Friday, November 2, 2007

Dogmatism

Where there is found to be a conflict between experience and doctrine, it is always experience that takes precedence. Doctrine is either modified so as to create a satisfactory agreement with experience, or in those cases where no satisfactory resolution of a conflict between actual lived experience and a doctrine religious people adapt to this situation by becoming bigoted and dogmatic about the erroneous doctrine.

One example of this sort of thing is that bit about how the religious God is just like a kindly parent, and what kindly parent would ever give someone a stone or a serpent when they asked for a loaf of bread. Of course all parents nurture and feed and care for their children, but God cares for no one, and we have even see weirdoes slaughtering ‘God’s specially chosen children’ and suffering no consequences for doing so. Certainly experience teaches religious people that if they need a loaf they are much better off to look to the protection of Caesar and not rely upon a cracked and broken stick such as a God.


Given this deep conflict that exists between supposed doctrine and actual experience in the real world religious people respond by simply being mindlessly dogmatic about the doctrine of God as a caring and concerned parent. The explanation for this behavior pattern is found in the explanation that modern psychology gives for the phenomenon of bigotry, since dogmatism in religion is just a variant expression of bigotry. Cognitive dissonance occurs when the truth is kept repressed in the unconscious mind. What is on the surface is the bigoted view point, and whenever reality threatens to intrude and cause the repressed truth to surface this is prevented by an outburst of bigotry, or in the case of religious people, an outburst of stubborn dogmatism. Often such expressions of a bigoted point of view are accompanied by hypocritical pseudo-indignation and the source of the fury of bigotry is the rage felt by the individual as the threatened rupture of a type of intellectual dam that keeps the truth safely barricaded in the unconscious mind.

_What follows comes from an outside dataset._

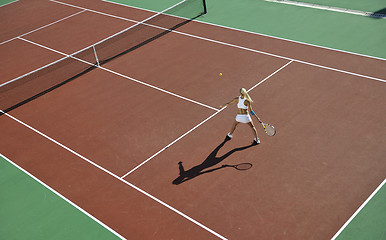 Image showing young woman play tennis outdoor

A bigot or a dogmatic needs to believe that certain things are true in order to preserve a certain world view and it would appear that while people can be very dishonest with themselves the human unconscious mind is unable to tell a lie, and this is the root cause of the problem of religious violence and the desire to kill the heretical unbeliever so as to keep them quiet and thus unable to disturb the delicate equilibrium that exists within the mind of religious dogmatic. Religious violence occurs because religious people are dogmatic bigots and people become bigots when they believe a falsehood, or, in the case of religious people, when they are worshipping idols.